Par ailleurs, explique le membre du parti socialiste néerlandais Dennis de Jong, Bruxelles est organisée de telle sorte que vous avez tout intérêt à croire : Si vous montrez que vous êtes favorable aux Etats Unis d’Europe, les portes s’ouvrent automatiquement devant vous.”

C’est la même chose dans les activités quotidiennes, explique De Jong. Si vous faites correctement votre travail, vous allez pouvoir présider une certaine commission parlementaire. Vous êtes récompensé pour votre travail parlementaire, qui est par définition pro-européen. Le renforcement positif est énorme. C’est difficile de garder les pieds sur terre.

Les vrais croyants

Aux côtés du Parlement, la Commission est indubitablement pro-européenne, mais comme le montrent des discussions anonymes avec trois hauts fonctionnaires, c’est une posture plus pragmatique qu’idéologique. *“Nous ne sommes pas croyants, dit l’un deux, qui travaille à la direction générale de l’Elargissement. Il y a en fait deux groupes de fonctionnaires : ceux qui font simplement leur travail, et les vrais croyants. Le deuxième groupe est de plus en plus restreint.”*

Par le passé, les choses étaient différentes, racontent les fonctionnaires, dont deux travaillent depuis vingt ans à la Commission.
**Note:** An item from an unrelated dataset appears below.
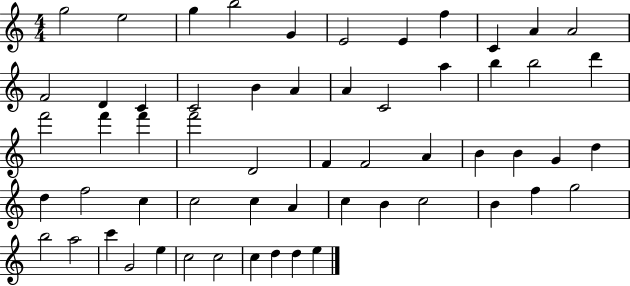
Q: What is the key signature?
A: C major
Avant, ils avaient encore le sentiment de contribuer à un événement historique. Aujourd’hui, les choses sont beaucoup plus bureaucratiques. *“L’UE existe, l’intégration européenne est une réalité, assène une personne travaillant à la direction générale de la Concurrence. La question maintenant est de savoir comment assurer son fonctionnement. C’est bien plus monotone que ce que peuvent parfois imaginer les gens.”*

Les discussions politiques sur la direction que l’Europe doit prendre sont donc rares. À la fin de la journée, ce sont des fonctionnaires, quel que soit l’exotisme apparent de la Commission. Ils sont par définition apolitiques et technocrates, et parlent de football autour de la fontaine à eau – pas des avantages et des inconvénients d’une union bancaire européenne.
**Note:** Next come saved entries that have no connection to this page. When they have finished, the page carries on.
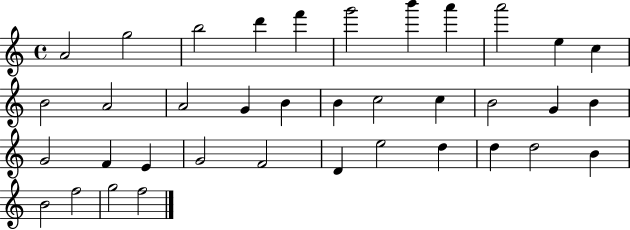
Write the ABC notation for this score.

X:1
T:Untitled
M:4/4
L:1/4
K:C
A2 g2 b2 d' f' g'2 b' a' a'2 e c B2 A2 A2 G B B c2 c B2 G B G2 F E G2 F2 D e2 d d d2 B B2 f2 g2 f2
Les temps sont durs pour les prophètes

Depuis début 2010, le nombre d’eurosceptiques est pour la première fois supérieur à celui des europhiles. La Commission européenne commence à le remarquer. Les fonctionnaires ont récemment trouvé des autocollants sur leurs voitures montrant un homme utilisant sa cravate pour se pendre. Eurocrate, sers-toi de ta cravate, disait la légende. Un certain nombre d’entre eux ont eu une belle frayeur le mois précédent quand ils ont été encerclés dans le métro après une embuscade montée par un groupe d’activistes de gauche. Dans une lettre sur cet événement, les syndicats de la Commission disaient qu’il y avait toujours eu des attaques, mais qu’elles étaient plus nombreuses et plus importantes depuis le début de la crise de l’euro.

Ce sont des temps difficiles pour les prophètes. La crise met leur foi à l’épreuve. *“Les croyants commencent à avoir des doutes, estime Eppink. Il raconte que ces jours-ci, ils écoutent davantage quand lui ou l’un de ses frères politiques prend la parole. "Nous sommes en position de supériorité intellectuelle”*, ajoute-t-il.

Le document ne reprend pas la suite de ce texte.